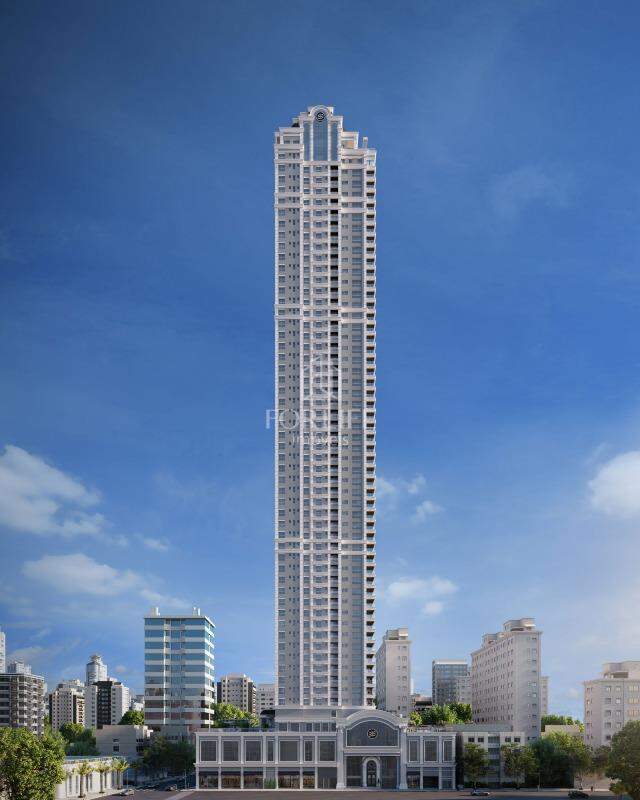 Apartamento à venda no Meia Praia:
--
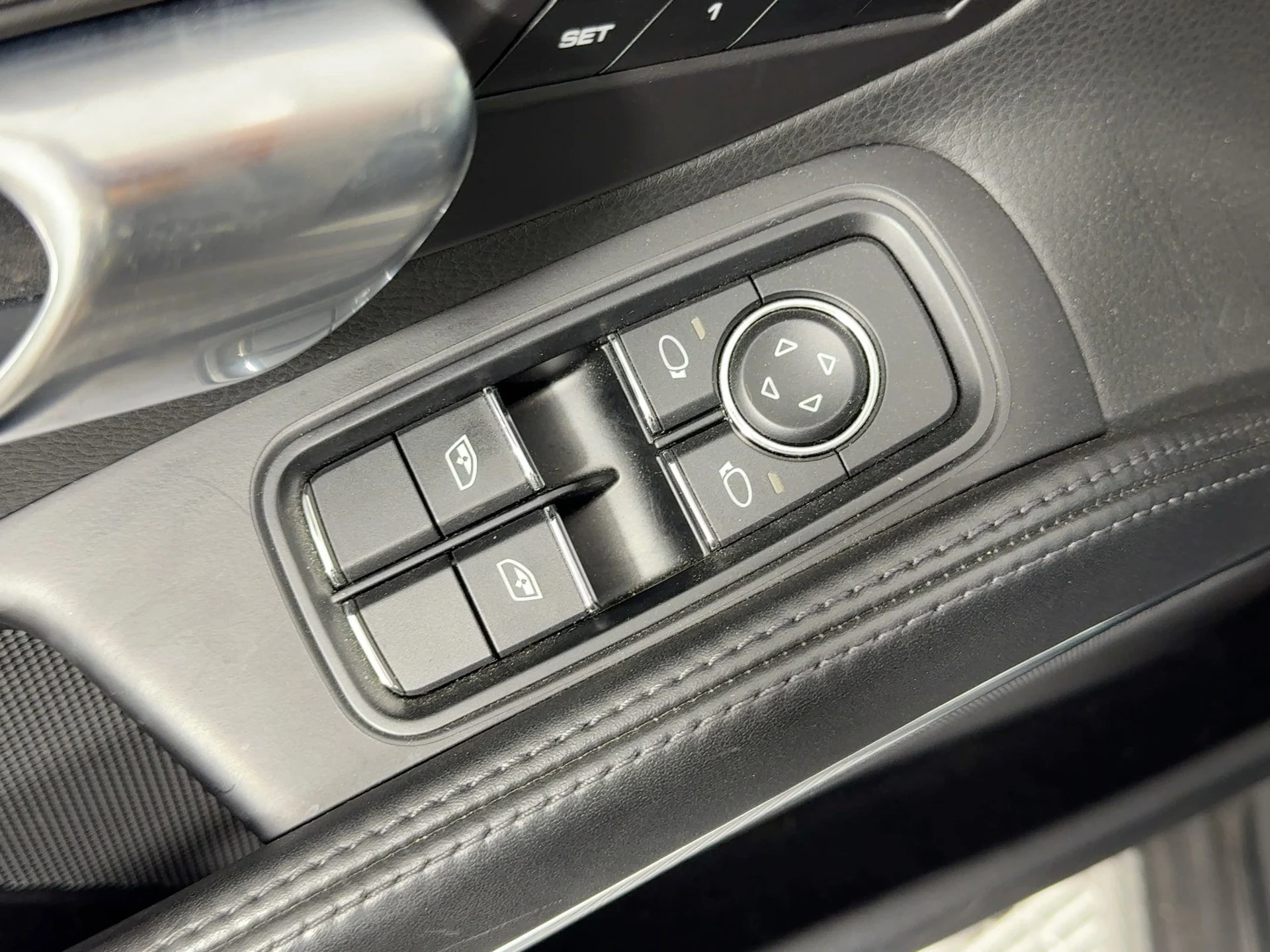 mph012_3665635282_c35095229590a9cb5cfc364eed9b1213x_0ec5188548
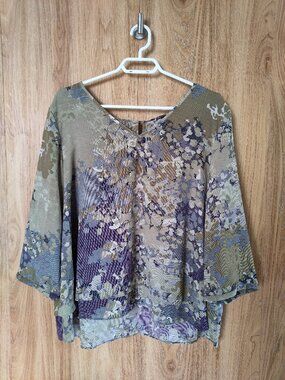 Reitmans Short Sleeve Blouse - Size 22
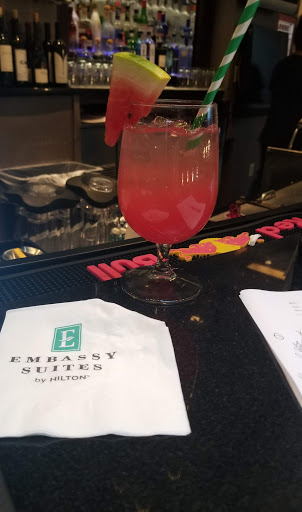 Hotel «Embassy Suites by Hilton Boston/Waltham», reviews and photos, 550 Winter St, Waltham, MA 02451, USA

▸ **TASK**: Within the listing above, extract exactly the lines that run from the one containing "Reitmans Short Sleeve Blouse - Size 22" through the one containing "MA 02451, USA", excluding any pictures.

▸ **YOUR RESPONSE**:
 Reitmans Short Sleeve Blouse - Size 22
 Hotel «Embassy Suites by Hilton Boston/Waltham», reviews and photos, 550 Winter St, Waltham, MA 02451, USA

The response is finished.